Ajaran dan nilai yang kita paling hargai tidaklah dianut oleh yang duniawi. Untuk mempertahankan pendirian yang teguh bagi diri kita dan anak-anak kita, pesan Injil yang dipulihkan haruslah tertanam secara kuat dalam hati kita dan diajarkan dalam rumah tangga kita.
Abinadi, seorang Nabi bangsa Nefi, sebagaimana dicatat dalam hanya beberapa bagian yang penuh kekuatan dalam Mosia, mengajarkan kepada kita pelajaran yang abadi yang dengan sempurna memenuhi tantangan abad ke-21.

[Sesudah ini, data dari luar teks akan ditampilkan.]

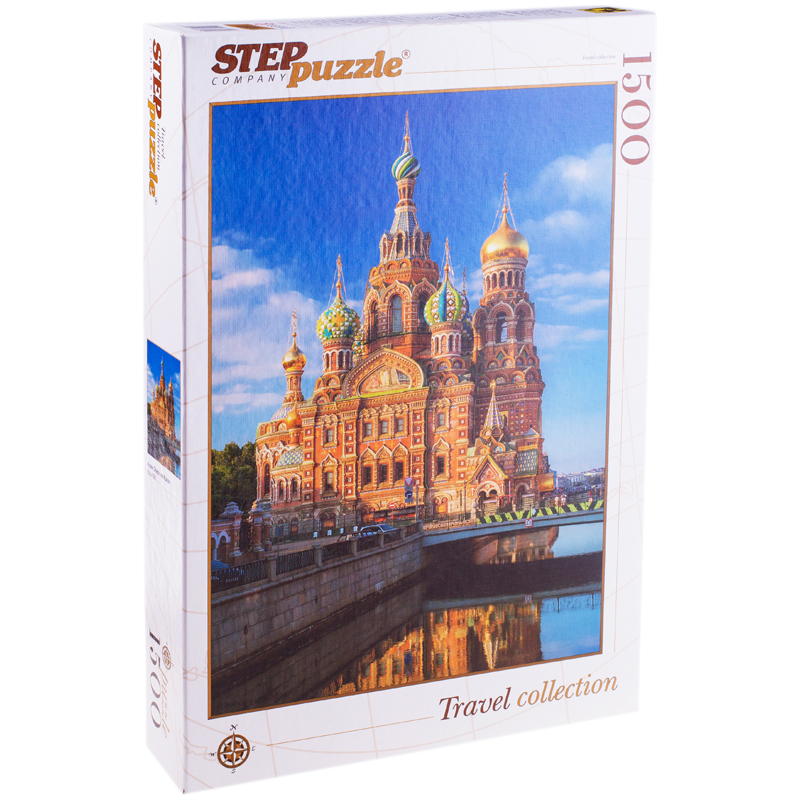 Пазл 1500 эл. Step Puzzle "Travel collection. Храм Спаса на Крови", картонная коробка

Abinadi adalah orang dengan keberanian yang tak goyah. Yang membela kebenaran ketika mutlak tidak populer untuk melakukannya. Sewaktu dia dengan berani memanggil orang-orang untuk bertobat, dia tahu nyawanya sendiri berada dalam bahaya. Di dalam benak Anda, Anda dapat melihat gambaran mempesona dari Abinadi yang baru saja dijatuhi hukuman mati. Dia memiliki kesempatan untuk menyelamatkan dirinya dengan menyangkal iman dan kesaksiannya, tetapi alih-alih dia tanpa gentar menyatakan, ”Aku katakan kepadamu, aku tidak akan menarik kembali perkataan yang telah aku ucapkan kepadamu mengenai orang-orang ini, karena itu benar.”9
Kita mungkin tidak perlu kehilangan nyawa kita dalam membela kebenaran, tetapi kita dapat, sama seperti Abinadi, menegakkan tubuh kita sepenuhnya, dan dengan sepenuh hati dan energi, dengan berani memaklumkan bahwa Yesus Kristus adalah Juruselamat kita. Dia dahulu dan sekarang adalah Putra dari Yang Mahakuasa. Dia hidup dan Dia mengasihi kita.
Sewaktu kita mengikuti Dia, kita akan mampu membuat pengurbanan dan menaati perjanjian-perjanjian kudus kita. Tuhan telah berfirman kepada kita: “Karena itu, janganlah takut domba-domba kecil; berbuat baiklah; biarlah bumi dan neraka bergabung menentangmu, karena jika engkau dibangun di atas batu karang-Ku, mereka tidak akan dapat memenangkannya …. Pandanglah Aku dalam setiap pemikiran, jangan ragu, jangan takut.”10
Kita harus membentengi diri kita. Benteng rohani yang pasti itu didapatkan dalam dua kata—Yesus Kristus. Mengenai Dia saya dengan rendah hati bersaksi. Dalam nama kudus Yesus Kristus, amin.